At about 10:00 I finally made it to the science lab. Talked with Harm about his plan for the day. Learned that we would soon try a test deployment of the steel cage that will be used to hold and protect the air guns when doing seismic work. The cage will serve two functions. One reason is to protect the guns from ice moving under and around the ship that could cause damage. Second, the cage helps maintain the orientation of the guns so that they produce a more directed sound pulse.

By 10:15 that plan had changed. The test would be postponed until after 1:00 or whenever helicopter ops were concluded. Joe, one of our pilots, came into the lab looking for Polar bear training on the fantail, or back part of the ship. This training had been scheduled for 10:00 and Joe had been walking around the ship looking. At about 10:30 there was an announcement that the training would be on the bow deck.

Joe and I headed to the bow where gun training for the young officers was taking place. The captain and other members of the crew where there for the rifle training. When out on the ice, someone is always responsible for watching for Polar Bears. In the event that they become hostile and there is no escape, the Coast guard members are trained to use the weapon as a last resort. The gun was so loud that all persons on the bow during the training were required to wear ear protection.

Spent the afternoon before watch talking with Beth about her work doing marine mammal observations and helping Peggy assemble a couple of the antenna supports for the seismic refraction work.

By 2:45 the aft deck control room had permission to do their test deployment of the gun cage using the a frame crane. The test went well. The cage is the size of a small room and weighs about 2000 pounds. We still have to attach guns and hoses before the cage can be used but that is in the works for the next couple of days.

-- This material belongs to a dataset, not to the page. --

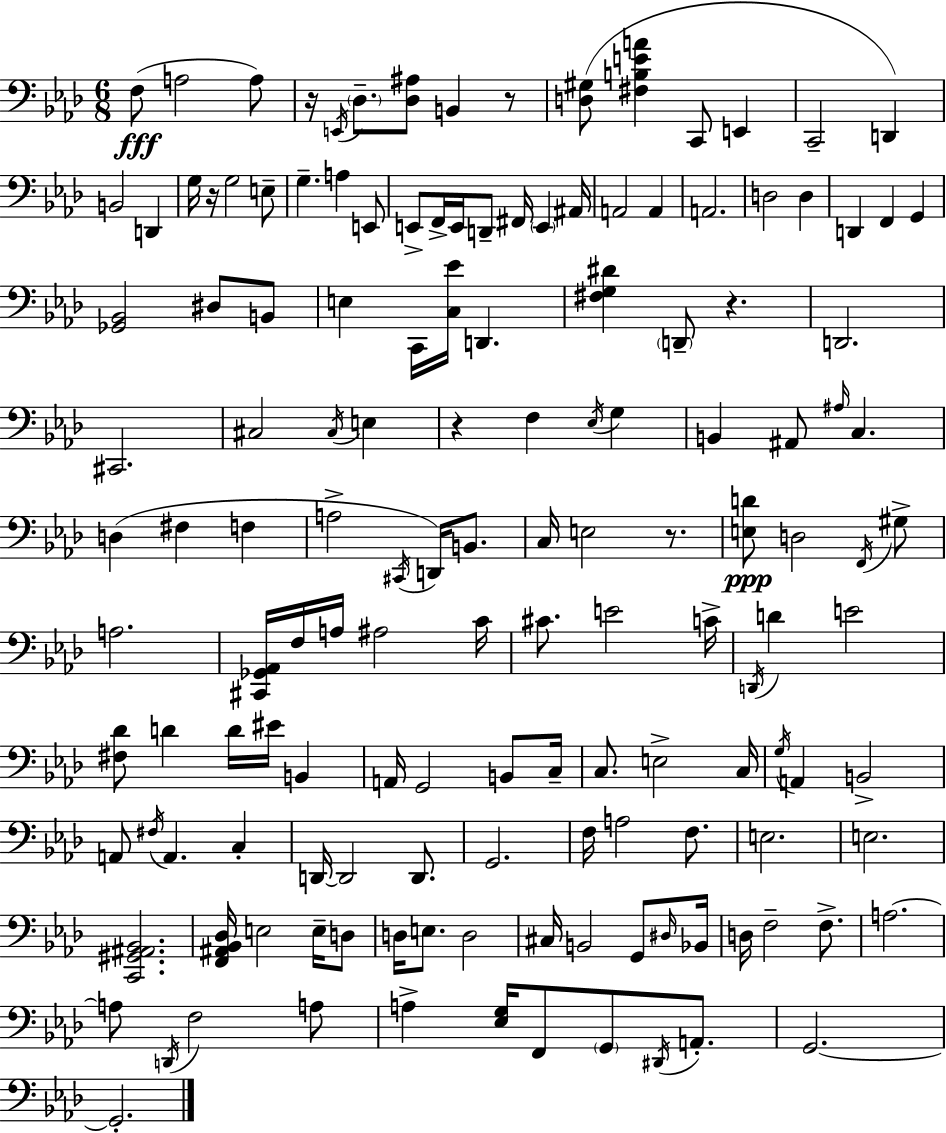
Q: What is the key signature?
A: F minor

Started watch at 4:00 to clearing skies. By 4:30 we could see blue sky for the first time on the cruise. Chase and Russell, my watch team, were involved in gun assembly with Jay and a few other members of the science team. Once underway, the repair and maintenance of the guns will be the responsibility of the seismic scientists.

Saturdays are traditionally rest days for the cooks and other members of the crew usually prepare the evening meal. Today Paul arrange for many of the science party to take over that duty. They handled everything from serving the food to final cleanup.

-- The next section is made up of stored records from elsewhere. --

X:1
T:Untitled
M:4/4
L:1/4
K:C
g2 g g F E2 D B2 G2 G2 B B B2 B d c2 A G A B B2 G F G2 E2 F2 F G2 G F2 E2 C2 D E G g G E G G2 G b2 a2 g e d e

After dinner, there was Bingo in the mess at $1.00 per card. The blackout prize was a handheld GPS unit. Following Bingo, the helicopter hanger was converted into a movie theater with big screen, popcorn, and the works.

Harm and Anatoly started some basic testing of the remote seismic equipment. They positioned the antennas at various locations on the deck and tried to establish contact with the units. They continued to test and trouble shoot for several hours in preparation for test deployment on the ice as early as Monday.

They also practiced loading and unloading the equipment in the helicopters. With Dave and Charlie's help they were able to figure out a system that would work efficiently and safely using tie downs to hold everything securely.

The ship would get underway again at 10:17. We would head ESE in an effort to get to some 50/50 ice where we could do some final testing of equipment, but would still be close enough to Barrow to helicopter in for logistics and transport of personnel. Russell reset the Seabeam controls to manual settings and we started to back and ram on our new course.

Huge chunks of ice were pulled under the ship and out the back by the props as the ship slowly inched forward. Semi sized chunks of ice would shoot up just past the fantail as we moved forward. The data was noisy, but we were back underway.